The Google File System

The Google File System – Ghemawat, Gobioff & Leung, 2003

Here’s a paper with a lot to answer for! Back in 2003 Ghemawat et al reported that

We have designed and implemented the Google File System, a scalable distributed file system for large distributed data-intensive applications. It provides fault-tolerance while running on inexpensive commodity hardware, and it delivers high aggregate performance to a large number of clients.
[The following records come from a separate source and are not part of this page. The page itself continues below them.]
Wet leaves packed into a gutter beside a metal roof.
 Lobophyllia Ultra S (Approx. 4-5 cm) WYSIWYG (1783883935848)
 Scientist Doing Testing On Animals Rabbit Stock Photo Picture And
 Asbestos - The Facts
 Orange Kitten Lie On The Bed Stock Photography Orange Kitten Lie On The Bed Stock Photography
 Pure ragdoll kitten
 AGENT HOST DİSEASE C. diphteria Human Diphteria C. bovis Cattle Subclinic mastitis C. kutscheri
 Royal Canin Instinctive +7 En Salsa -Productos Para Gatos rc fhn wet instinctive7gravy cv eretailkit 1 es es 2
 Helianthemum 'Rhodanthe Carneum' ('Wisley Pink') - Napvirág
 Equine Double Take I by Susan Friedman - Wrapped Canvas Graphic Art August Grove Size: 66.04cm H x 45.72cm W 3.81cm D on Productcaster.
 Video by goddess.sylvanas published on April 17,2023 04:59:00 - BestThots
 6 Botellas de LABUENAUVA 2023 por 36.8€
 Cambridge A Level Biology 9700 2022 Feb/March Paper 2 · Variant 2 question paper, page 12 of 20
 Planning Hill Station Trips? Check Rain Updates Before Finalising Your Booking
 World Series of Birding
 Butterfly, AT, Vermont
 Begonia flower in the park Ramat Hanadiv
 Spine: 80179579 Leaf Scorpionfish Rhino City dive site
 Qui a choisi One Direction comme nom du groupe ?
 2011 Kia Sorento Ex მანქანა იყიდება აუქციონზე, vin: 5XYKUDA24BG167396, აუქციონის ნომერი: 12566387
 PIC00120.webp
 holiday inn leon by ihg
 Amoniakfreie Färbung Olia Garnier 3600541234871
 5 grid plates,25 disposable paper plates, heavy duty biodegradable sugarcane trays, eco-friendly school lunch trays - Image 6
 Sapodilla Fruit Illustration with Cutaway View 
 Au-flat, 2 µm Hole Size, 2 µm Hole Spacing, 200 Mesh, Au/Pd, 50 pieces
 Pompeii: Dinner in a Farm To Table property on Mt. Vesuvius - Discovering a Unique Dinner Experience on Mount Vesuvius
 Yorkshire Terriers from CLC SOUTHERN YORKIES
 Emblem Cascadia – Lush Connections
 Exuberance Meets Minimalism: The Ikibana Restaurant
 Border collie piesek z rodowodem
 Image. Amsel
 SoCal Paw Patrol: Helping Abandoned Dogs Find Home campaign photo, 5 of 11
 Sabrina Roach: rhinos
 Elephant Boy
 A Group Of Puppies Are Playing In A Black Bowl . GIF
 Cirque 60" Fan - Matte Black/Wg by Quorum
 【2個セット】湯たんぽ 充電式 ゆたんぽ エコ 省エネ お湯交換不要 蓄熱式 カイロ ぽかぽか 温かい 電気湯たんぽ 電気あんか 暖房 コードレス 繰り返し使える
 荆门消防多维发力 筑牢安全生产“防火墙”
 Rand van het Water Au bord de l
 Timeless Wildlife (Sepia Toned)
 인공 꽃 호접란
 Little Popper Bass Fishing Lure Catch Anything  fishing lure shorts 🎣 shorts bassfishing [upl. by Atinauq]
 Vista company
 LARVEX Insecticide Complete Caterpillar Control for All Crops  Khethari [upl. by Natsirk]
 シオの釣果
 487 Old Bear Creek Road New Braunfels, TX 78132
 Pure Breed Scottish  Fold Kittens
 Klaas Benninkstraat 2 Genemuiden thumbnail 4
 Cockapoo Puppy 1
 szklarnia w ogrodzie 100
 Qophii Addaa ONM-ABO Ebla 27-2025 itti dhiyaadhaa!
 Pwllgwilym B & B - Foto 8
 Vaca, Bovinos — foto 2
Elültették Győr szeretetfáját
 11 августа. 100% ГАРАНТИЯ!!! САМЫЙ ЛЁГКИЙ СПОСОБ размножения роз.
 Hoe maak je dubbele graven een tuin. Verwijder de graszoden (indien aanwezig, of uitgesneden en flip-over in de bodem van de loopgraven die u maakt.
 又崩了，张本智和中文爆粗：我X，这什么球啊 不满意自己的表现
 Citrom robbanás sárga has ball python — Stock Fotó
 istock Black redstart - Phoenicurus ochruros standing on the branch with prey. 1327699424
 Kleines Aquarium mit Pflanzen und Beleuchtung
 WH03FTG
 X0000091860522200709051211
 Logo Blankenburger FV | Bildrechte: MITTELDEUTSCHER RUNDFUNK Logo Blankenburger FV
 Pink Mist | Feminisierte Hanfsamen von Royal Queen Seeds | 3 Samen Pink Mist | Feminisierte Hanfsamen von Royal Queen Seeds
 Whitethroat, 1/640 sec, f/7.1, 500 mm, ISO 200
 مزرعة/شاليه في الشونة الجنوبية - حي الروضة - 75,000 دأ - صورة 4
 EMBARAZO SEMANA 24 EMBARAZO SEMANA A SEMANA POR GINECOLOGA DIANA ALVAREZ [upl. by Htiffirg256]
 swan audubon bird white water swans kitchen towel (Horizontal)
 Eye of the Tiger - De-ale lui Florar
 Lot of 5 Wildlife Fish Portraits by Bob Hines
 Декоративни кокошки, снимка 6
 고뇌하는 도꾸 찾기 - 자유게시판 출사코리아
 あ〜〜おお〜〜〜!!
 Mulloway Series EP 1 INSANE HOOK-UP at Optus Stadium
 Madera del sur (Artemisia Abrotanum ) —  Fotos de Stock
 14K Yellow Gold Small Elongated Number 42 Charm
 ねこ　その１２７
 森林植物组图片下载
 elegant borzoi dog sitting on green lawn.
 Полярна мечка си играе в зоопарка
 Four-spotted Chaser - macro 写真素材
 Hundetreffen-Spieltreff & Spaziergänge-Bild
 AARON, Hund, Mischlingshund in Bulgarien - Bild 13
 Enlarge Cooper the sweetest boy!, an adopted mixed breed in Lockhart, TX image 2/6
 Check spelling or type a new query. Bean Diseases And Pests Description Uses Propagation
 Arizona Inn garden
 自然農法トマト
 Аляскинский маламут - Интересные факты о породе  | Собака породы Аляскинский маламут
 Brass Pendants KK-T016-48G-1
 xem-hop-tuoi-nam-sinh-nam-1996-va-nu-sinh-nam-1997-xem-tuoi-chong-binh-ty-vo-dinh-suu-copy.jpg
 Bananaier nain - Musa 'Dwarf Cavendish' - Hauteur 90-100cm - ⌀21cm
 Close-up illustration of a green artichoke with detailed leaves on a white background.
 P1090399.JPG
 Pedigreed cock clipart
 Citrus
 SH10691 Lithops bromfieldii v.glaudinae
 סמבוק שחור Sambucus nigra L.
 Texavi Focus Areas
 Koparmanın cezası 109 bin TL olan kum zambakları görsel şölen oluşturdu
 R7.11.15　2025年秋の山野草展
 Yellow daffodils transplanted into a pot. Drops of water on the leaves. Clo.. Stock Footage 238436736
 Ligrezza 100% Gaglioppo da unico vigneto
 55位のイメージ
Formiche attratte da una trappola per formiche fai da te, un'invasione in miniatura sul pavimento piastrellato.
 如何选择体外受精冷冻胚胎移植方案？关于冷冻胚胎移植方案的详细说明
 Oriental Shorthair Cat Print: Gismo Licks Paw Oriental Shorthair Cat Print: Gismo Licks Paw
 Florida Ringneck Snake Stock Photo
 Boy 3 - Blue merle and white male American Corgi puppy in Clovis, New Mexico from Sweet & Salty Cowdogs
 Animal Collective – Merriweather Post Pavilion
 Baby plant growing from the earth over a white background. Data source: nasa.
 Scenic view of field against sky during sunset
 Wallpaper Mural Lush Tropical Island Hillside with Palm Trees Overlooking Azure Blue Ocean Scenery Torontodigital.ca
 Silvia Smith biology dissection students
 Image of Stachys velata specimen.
Google’s workloads and use of commodity hardware led to the following observations:

  1. Component failures are the norm rather than the exception
  2. The files Google worked with were huge by traditional standards – multi-GB files were very common. Managing a large number of small (Kb) files became unwieldy causing block size and I/O to be revisited.
  3. Most Google workloads only mutated files by appending to them. Random writes were practically non-existent. Files were often only read sequentially
  4. Google were able to co-design their applications and the API to their file system (i.e. abandon the requirement for POSIX compliance) for better flexibility

The result was the Google File System, designed to store a modest (few million) number of large files, with workloads consisting of large streaming reads and small random reads, large sequential writes that append data to files, and semantics for supporting multiple clients concurrently appending to the same file. In addition:

High sustained bandwidth is more important than low latency.

The implementation details probably sound very familiar: a master and multiple chunkservers, with files divided into replicated chunks of 64MB.

We keep the overall system highly available with two simple yet effective strategies: fast recovery and replication.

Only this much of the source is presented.